THE DATA:
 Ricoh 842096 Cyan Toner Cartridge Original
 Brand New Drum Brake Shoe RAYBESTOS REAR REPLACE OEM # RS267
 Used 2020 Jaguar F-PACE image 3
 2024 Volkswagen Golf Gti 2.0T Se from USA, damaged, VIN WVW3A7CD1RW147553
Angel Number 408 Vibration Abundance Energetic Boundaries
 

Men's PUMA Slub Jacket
==
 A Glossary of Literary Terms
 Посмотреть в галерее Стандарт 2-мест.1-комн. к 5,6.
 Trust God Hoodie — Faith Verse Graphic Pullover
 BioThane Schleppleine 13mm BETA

ACTIVITY: From the records above, extract exactly and only the lines that begin at the line with "Brand New Drum" and stop after the line with "Men's PUMA Slub Jacket".

ANSWER SPACE:
 Brand New Drum Brake Shoe RAYBESTOS REAR REPLACE OEM # RS267
 Used 2020 Jaguar F-PACE image 3
 2024 Volkswagen Golf Gti 2.0T Se from USA, damaged, VIN WVW3A7CD1RW147553
Angel Number 408 Vibration Abundance Energetic Boundaries
 

Men's PUMA Slub Jacket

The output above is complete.